▸ **What is needed**:
All entries must be set down once more, precisely as given.
"""
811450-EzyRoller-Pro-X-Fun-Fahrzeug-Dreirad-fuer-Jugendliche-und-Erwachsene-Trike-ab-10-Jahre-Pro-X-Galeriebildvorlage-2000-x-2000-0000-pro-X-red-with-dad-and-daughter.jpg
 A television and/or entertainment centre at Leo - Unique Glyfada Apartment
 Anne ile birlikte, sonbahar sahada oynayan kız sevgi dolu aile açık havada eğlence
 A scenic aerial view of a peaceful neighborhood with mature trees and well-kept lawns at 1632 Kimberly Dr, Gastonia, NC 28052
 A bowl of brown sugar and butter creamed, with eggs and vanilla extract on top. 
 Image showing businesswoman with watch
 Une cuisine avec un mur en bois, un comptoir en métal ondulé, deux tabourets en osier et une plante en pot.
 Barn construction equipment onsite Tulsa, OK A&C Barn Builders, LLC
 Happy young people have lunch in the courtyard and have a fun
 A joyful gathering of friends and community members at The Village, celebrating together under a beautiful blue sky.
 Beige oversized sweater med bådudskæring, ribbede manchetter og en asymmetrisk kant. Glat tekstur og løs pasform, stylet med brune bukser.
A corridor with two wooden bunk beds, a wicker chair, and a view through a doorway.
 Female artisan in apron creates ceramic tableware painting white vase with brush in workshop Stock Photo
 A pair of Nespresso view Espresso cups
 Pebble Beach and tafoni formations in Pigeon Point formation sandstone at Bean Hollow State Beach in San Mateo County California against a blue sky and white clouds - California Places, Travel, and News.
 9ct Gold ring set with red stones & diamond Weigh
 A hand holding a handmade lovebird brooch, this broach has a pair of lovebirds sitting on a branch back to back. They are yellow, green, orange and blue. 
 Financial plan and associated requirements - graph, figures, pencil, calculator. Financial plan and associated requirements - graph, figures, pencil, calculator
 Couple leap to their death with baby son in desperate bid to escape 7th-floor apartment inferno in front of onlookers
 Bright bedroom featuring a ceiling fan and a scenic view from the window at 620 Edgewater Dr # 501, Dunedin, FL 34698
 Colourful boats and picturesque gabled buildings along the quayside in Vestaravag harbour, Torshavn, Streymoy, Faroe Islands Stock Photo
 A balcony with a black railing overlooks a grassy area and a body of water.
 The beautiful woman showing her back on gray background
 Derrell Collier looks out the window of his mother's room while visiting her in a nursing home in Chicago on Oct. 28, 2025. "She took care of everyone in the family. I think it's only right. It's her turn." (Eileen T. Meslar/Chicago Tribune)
"""
▸ **Your solution**:
811450-EzyRoller-Pro-X-Fun-Fahrzeug-Dreirad-fuer-Jugendliche-und-Erwachsene-Trike-ab-10-Jahre-Pro-X-Galeriebildvorlage-2000-x-2000-0000-pro-X-red-with-dad-and-daughter.jpg
 A television and/or entertainment centre at Leo - Unique Glyfada Apartment
 Anne ile birlikte, sonbahar sahada oynayan kız sevgi dolu aile açık havada eğlence
 A scenic aerial view of a peaceful neighborhood with mature trees and well-kept lawns at 1632 Kimberly Dr, Gastonia, NC 28052
 A bowl of brown sugar and butter creamed, with eggs and vanilla extract on top. 
 Image showing businesswoman with watch
 Une cuisine avec un mur en bois, un comptoir en métal ondulé, deux tabourets en osier et une plante en pot.
 Barn construction equipment onsite Tulsa, OK A&C Barn Builders, LLC
 Happy young people have lunch in the courtyard and have a fun
 A joyful gathering of friends and community members at The Village, celebrating together under a beautiful blue sky.
 Beige oversized sweater med bådudskæring, ribbede manchetter og en asymmetrisk kant. Glat tekstur og løs pasform, stylet med brune bukser.
A corridor with two wooden bunk beds, a wicker chair, and a view through a doorway.
 Female artisan in apron creates ceramic tableware painting white vase with brush in workshop Stock Photo
 A pair of Nespresso view Espresso cups
 Pebble Beach and tafoni formations in Pigeon Point formation sandstone at Bean Hollow State Beach in San Mateo County California against a blue sky and white clouds - California Places, Travel, and News.
 9ct Gold ring set with red stones & diamond Weigh
 A hand holding a handmade lovebird brooch, this broach has a pair of lovebirds sitting on a branch back to back. They are yellow, green, orange and blue. 
 Financial plan and associated requirements - graph, figures, pencil, calculator. Financial plan and associated requirements - graph, figures, pencil, calculator
 Couple leap to their death with baby son in desperate bid to escape 7th-floor apartment inferno in front of onlookers
 Bright bedroom featuring a ceiling fan and a scenic view from the window at 620 Edgewater Dr # 501, Dunedin, FL 34698
 Colourful boats and picturesque gabled buildings along the quayside in Vestaravag harbour, Torshavn, Streymoy, Faroe Islands Stock Photo
 A balcony with a black railing overlooks a grassy area and a body of water.
 The beautiful woman showing her back on gray background
 Derrell Collier looks out the window of his mother's room while visiting her in a nursing home in Chicago on Oct. 28, 2025. "She took care of everyone in the family. I think it's only right. It's her turn." (Eileen T. Meslar/Chicago Tribune)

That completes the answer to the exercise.